═══ DATA BELOW

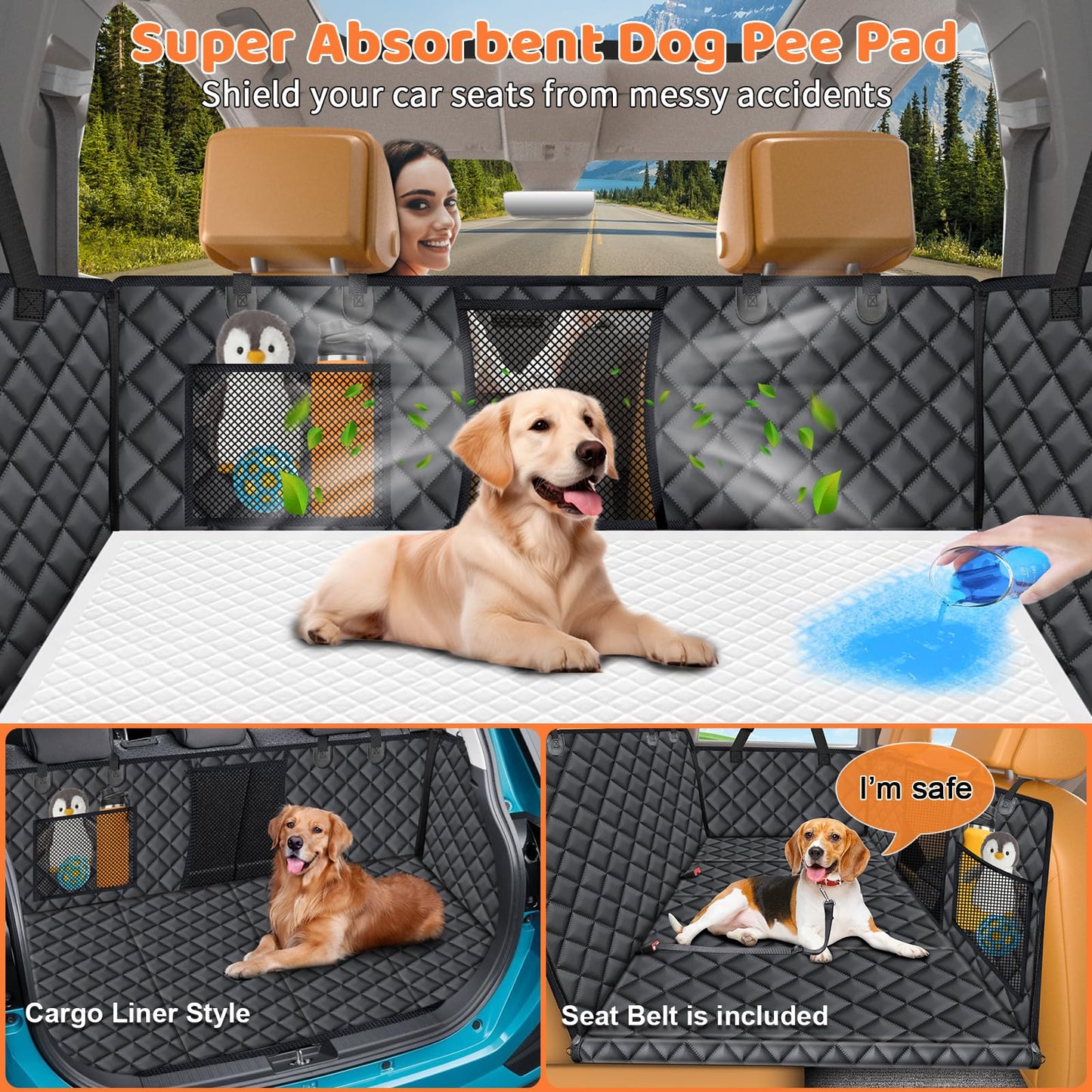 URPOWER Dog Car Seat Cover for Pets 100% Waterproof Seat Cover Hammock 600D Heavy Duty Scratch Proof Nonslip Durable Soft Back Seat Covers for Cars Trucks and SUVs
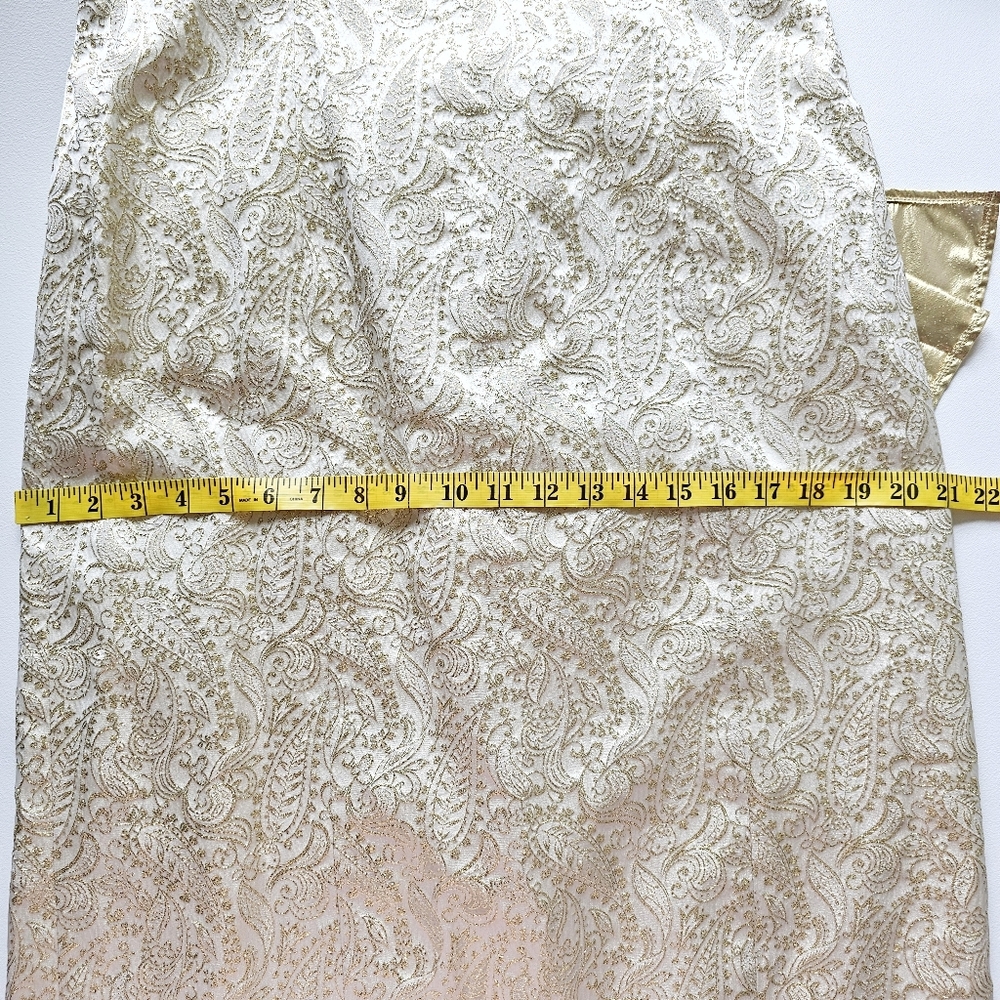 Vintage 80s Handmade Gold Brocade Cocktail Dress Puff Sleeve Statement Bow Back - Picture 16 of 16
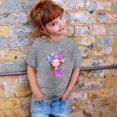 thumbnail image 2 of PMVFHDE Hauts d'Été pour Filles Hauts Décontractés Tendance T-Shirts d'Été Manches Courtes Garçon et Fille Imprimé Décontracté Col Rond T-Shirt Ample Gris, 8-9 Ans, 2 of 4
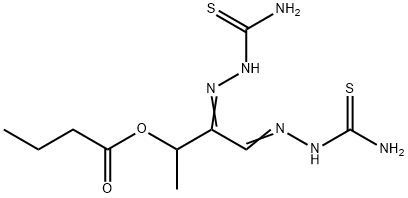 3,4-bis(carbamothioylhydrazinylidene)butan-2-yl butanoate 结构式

══════

### AIM OF THE TASK
The line containing "Vintage 80s Handmade" marks the end; please output exactly the lines of the listing above from its first line through that line, without pictures.

### YOUR SOLUTION
 URPOWER Dog Car Seat Cover for Pets 100% Waterproof Seat Cover Hammock 600D Heavy Duty Scratch Proof Nonslip Durable Soft Back Seat Covers for Cars Trucks and SUVs
 Vintage 80s Handmade Gold Brocade Cocktail Dress Puff Sleeve Statement Bow Back - Picture 16 of 16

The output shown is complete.